Try it:
Go through the listing below from its first line and repeat each line exactly, ending at the line containing "Immunohistochemistry (IHC) : Human" and including it.

Dataset content:
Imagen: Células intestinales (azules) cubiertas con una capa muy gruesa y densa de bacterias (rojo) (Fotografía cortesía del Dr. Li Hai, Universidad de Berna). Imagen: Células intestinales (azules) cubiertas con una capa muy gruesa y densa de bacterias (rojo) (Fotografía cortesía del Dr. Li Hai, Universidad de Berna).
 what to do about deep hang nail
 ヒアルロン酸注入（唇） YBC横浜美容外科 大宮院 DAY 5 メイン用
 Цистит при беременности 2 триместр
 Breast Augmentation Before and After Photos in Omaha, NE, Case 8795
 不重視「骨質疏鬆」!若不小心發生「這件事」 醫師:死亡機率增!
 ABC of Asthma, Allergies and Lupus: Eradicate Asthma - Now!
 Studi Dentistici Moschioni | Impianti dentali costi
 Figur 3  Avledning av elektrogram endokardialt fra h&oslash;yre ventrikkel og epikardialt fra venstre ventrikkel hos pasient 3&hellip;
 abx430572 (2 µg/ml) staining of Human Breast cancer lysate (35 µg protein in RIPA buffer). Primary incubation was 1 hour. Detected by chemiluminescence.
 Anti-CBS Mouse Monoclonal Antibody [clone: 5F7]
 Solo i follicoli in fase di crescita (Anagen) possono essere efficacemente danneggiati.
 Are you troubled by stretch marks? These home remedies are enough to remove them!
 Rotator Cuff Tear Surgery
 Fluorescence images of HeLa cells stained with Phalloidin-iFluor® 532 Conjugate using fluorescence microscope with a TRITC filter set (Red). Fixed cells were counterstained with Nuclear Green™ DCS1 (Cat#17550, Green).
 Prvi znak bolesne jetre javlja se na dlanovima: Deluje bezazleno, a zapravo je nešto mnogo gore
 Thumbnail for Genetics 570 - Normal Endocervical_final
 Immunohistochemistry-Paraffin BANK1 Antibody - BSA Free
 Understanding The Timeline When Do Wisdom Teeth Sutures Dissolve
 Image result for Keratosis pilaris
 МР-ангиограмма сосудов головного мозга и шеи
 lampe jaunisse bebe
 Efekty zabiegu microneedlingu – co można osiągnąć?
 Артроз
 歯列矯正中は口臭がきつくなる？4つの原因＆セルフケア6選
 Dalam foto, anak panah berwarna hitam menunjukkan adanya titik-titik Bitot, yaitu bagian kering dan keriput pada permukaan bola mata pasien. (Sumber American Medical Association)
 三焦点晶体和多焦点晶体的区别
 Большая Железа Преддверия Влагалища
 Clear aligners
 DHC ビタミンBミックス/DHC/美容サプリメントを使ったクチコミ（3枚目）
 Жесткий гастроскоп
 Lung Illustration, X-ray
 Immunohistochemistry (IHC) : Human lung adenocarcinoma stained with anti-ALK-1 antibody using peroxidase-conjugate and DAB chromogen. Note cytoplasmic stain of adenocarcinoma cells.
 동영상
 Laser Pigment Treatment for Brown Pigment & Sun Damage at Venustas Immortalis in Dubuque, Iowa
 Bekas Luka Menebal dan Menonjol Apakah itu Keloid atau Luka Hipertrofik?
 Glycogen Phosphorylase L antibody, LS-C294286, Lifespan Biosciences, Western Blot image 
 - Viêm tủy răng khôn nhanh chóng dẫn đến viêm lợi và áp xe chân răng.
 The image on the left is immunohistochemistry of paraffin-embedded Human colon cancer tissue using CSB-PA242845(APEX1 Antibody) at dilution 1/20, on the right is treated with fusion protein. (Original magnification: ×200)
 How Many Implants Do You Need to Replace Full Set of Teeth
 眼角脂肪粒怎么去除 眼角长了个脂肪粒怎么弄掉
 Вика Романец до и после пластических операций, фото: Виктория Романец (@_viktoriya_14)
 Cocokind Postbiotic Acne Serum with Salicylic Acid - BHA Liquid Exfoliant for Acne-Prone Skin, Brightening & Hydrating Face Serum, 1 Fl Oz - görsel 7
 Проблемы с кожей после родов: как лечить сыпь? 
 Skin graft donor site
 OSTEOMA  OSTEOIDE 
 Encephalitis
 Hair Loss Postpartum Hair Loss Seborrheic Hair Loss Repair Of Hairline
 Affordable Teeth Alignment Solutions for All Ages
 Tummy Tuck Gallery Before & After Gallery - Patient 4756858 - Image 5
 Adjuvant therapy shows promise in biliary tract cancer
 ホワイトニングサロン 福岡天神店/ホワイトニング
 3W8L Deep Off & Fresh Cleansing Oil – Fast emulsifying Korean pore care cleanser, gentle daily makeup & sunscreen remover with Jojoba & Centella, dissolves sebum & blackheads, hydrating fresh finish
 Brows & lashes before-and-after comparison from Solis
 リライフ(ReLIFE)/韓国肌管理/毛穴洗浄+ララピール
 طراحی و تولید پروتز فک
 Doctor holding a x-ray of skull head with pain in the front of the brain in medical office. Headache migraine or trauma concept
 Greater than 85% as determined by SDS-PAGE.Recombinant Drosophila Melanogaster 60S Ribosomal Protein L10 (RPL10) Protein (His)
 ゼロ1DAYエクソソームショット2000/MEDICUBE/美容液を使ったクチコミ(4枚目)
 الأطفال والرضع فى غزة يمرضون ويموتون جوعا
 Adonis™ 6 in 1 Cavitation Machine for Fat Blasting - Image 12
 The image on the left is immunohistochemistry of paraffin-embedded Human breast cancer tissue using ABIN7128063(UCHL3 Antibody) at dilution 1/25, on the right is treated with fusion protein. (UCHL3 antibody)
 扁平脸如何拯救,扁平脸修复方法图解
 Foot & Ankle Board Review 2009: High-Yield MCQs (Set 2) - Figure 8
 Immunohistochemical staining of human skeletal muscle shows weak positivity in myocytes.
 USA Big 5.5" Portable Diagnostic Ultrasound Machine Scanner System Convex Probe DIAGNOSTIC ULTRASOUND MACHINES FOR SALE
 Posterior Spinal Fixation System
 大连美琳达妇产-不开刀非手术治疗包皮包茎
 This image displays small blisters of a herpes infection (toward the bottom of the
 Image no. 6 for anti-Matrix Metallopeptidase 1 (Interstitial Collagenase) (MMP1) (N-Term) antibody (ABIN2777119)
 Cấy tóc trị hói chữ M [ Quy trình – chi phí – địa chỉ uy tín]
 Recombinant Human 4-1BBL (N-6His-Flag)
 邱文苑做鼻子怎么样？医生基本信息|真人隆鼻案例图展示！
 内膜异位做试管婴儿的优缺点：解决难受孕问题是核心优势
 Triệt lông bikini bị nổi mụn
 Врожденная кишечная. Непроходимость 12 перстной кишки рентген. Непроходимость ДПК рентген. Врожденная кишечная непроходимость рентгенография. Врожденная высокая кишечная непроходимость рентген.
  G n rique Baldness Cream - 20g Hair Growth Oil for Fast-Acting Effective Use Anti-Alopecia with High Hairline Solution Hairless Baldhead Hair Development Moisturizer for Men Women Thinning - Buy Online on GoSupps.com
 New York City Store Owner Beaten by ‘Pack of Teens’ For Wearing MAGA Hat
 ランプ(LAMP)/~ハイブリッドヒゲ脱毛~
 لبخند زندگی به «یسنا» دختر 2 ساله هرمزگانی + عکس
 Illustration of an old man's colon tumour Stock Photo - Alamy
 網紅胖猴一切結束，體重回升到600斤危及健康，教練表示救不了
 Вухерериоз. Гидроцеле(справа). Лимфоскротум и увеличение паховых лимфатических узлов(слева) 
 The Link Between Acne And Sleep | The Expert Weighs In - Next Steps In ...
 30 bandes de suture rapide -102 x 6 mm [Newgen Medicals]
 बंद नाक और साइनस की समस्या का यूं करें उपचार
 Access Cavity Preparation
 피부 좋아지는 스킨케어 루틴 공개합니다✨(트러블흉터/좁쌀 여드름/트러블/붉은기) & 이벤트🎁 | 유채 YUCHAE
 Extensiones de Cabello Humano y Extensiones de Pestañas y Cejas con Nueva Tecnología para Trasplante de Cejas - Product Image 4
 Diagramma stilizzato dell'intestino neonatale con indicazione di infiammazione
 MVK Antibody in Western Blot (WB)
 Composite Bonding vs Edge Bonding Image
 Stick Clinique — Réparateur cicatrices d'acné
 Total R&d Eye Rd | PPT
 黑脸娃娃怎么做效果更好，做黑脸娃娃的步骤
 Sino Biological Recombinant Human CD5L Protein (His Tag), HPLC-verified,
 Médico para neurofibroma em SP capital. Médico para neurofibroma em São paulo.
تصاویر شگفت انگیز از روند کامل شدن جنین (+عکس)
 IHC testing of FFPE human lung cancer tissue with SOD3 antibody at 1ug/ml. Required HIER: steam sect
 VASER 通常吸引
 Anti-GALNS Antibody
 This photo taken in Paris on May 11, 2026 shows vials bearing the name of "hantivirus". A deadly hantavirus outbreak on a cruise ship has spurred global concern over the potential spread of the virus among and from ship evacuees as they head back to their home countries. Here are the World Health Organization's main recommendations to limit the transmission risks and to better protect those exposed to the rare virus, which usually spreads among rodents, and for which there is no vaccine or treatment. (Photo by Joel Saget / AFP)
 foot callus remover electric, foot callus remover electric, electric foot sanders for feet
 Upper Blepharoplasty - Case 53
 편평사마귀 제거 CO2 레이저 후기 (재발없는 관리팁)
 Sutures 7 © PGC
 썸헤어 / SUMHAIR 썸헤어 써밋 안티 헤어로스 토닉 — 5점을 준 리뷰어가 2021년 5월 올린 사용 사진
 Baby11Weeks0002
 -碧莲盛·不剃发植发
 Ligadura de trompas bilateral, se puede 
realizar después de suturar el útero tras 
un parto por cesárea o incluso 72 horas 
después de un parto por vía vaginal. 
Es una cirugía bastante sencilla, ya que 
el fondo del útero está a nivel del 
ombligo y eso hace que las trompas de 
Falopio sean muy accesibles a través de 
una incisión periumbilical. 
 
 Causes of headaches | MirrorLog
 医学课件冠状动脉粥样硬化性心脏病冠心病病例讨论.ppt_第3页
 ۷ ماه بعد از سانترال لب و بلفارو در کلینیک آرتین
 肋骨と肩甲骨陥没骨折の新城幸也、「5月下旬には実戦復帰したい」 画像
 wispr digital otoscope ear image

Finished exercise:
Imagen: Células intestinales (azules) cubiertas con una capa muy gruesa y densa de bacterias (rojo) (Fotografía cortesía del Dr. Li Hai, Universidad de Berna). Imagen: Células intestinales (azules) cubiertas con una capa muy gruesa y densa de bacterias (rojo) (Fotografía cortesía del Dr. Li Hai, Universidad de Berna).
 what to do about deep hang nail
 ヒアルロン酸注入（唇） YBC横浜美容外科 大宮院 DAY 5 メイン用
 Цистит при беременности 2 триместр
 Breast Augmentation Before and After Photos in Omaha, NE, Case 8795
 不重視「骨質疏鬆」!若不小心發生「這件事」 醫師:死亡機率增!
 ABC of Asthma, Allergies and Lupus: Eradicate Asthma - Now!
 Studi Dentistici Moschioni | Impianti dentali costi
 Figur 3  Avledning av elektrogram endokardialt fra h&oslash;yre ventrikkel og epikardialt fra venstre ventrikkel hos pasient 3&hellip;
 abx430572 (2 µg/ml) staining of Human Breast cancer lysate (35 µg protein in RIPA buffer). Primary incubation was 1 hour. Detected by chemiluminescence.
 Anti-CBS Mouse Monoclonal Antibody [clone: 5F7]
 Solo i follicoli in fase di crescita (Anagen) possono essere efficacemente danneggiati.
 Are you troubled by stretch marks? These home remedies are enough to remove them!
 Rotator Cuff Tear Surgery
 Fluorescence images of HeLa cells stained with Phalloidin-iFluor® 532 Conjugate using fluorescence microscope with a TRITC filter set (Red). Fixed cells were counterstained with Nuclear Green™ DCS1 (Cat#17550, Green).
 Prvi znak bolesne jetre javlja se na dlanovima: Deluje bezazleno, a zapravo je nešto mnogo gore
 Thumbnail for Genetics 570 - Normal Endocervical_final
 Immunohistochemistry-Paraffin BANK1 Antibody - BSA Free
 Understanding The Timeline When Do Wisdom Teeth Sutures Dissolve
 Image result for Keratosis pilaris
 МР-ангиограмма сосудов головного мозга и шеи
 lampe jaunisse bebe
 Efekty zabiegu microneedlingu – co można osiągnąć?
 Артроз
 歯列矯正中は口臭がきつくなる？4つの原因＆セルフケア6選
 Dalam foto, anak panah berwarna hitam menunjukkan adanya titik-titik Bitot, yaitu bagian kering dan keriput pada permukaan bola mata pasien. (Sumber American Medical Association)
 三焦点晶体和多焦点晶体的区别
 Большая Железа Преддверия Влагалища
 Clear aligners
 DHC ビタミンBミックス/DHC/美容サプリメントを使ったクチコミ（3枚目）
 Жесткий гастроскоп
 Lung Illustration, X-ray
 Immunohistochemistry (IHC) : Human lung adenocarcinoma stained with anti-ALK-1 antibody using peroxidase-conjugate and DAB chromogen. Note cytoplasmic stain of adenocarcinoma cells.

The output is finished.